The local accumulation of Tregs, highly expressing the costimulatory receptor OX40 and displaying a stable and activated phenotype, contributes to maintain immunosuppression in hepatic cirrhosis and hepatocellular carcinoma microenvironments. In these contexts, our preliminary data highlight a connection between OX40 signal and specific metabolic routes, namely glycolysis, cholesterol/lipid biosynthesis, and iron/transferrin capture.
We hypothesize that OX40 orchestrates a metabolic program of Treg expansion and suppression, based on the effects of extracellular iron sequestration from effector cells. Our main aim will be to demonstrate that iron scavenging mediates OX40+ Treg suppressive function thus promoting tumor progression.

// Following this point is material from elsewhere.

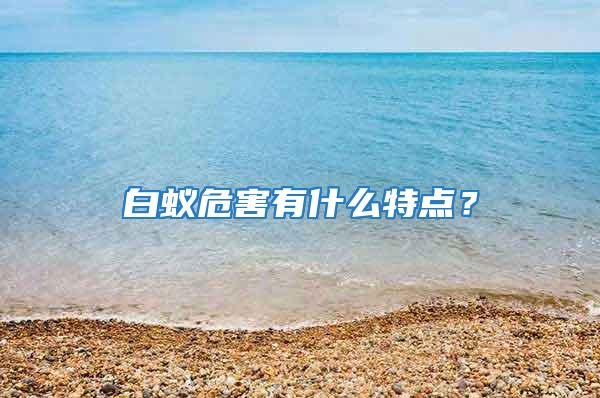 白蟻危害有什么特點？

The impact of iron/transferrin uptake on Treg proliferation and suppression will be assessed, in relation to OX40 expression and engagement, by multiple techniques (multicolor flow cytometry, microscopy, biochemical and functional assays), in three settings: in vitro, using stimulated human Tregs; ex vivo, analyzing hepatic Tregs from hepatocellular carcinoma patients with variable iron homeostasis perturbations; in vivo, monitoring Tregs and tumor growth in mouse models of high fat choline-deficient diet-induced, or transplanted, hepatocellular carcinoma, combined with the Treg-restricted genetic deletion of transferrin receptor.

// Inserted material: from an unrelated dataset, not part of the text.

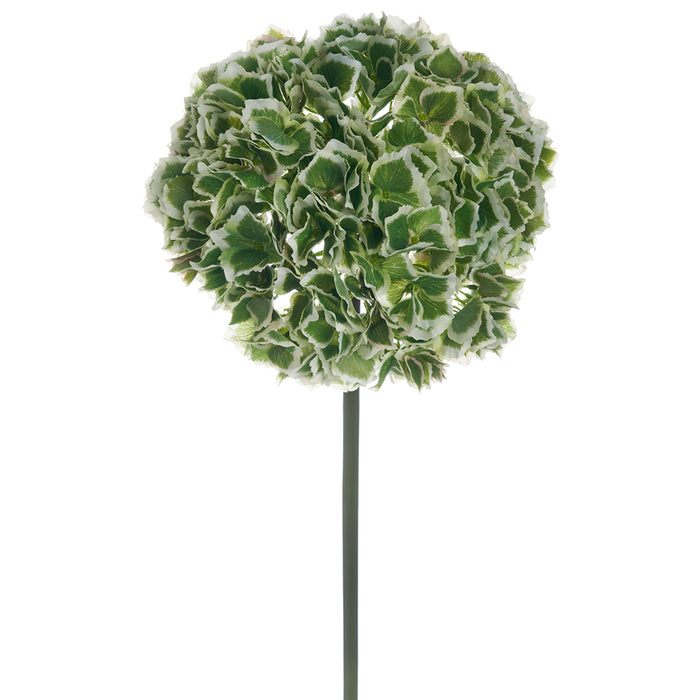 22" Silk Hydrangea Flower Stem -Green/White (pack of 6) - FSH260-GR/WH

We expect to delineate a previously unrecognized mechanism of Treg suppression, based on iron sequestration from the microenvironment: this event may become especially relevant in tumor-infiltrating OX40+ Tregs and may thus represent new targets for more focused immunotherapies.
Therapies based on OX40 agonists are currently under development for cancer, even though it is unclear whether Treg depletion, rather than engagement, contributes to a potential benefit. Many efforts have been made to identify Treg-selective targets, and it is increasingly clear that immunotherapy can be achieved through T cell metabolism modulation. Our proposal points at demonstrating that iron metabolism plays non-redundant roles in Treg-mediated immune suppression and thus can be exploited to improve anti-cancer response, besides blocking tumor cell growth. Many pieces of evidence link iron overload with cancer risk and progression, and interrupting this pathway (by iron-chelating therapies, or transferrin-receptor targeted drug delivery to cancer cells) is a promising target for cancer therapy [8]. Our results will not only provide novel pieces of knowledge about the interplay between immune regulation and metabolism, but also lay the foundation to the development of innovative immunotherapies for cancer, based on the concomitant targeting of tumor cells and Tregs sharing key metabolic pathways. Indeed, tumor-infiltrating Tregs may be "poisoned" by exploiting iron endocytic pathway as a Trojan horse.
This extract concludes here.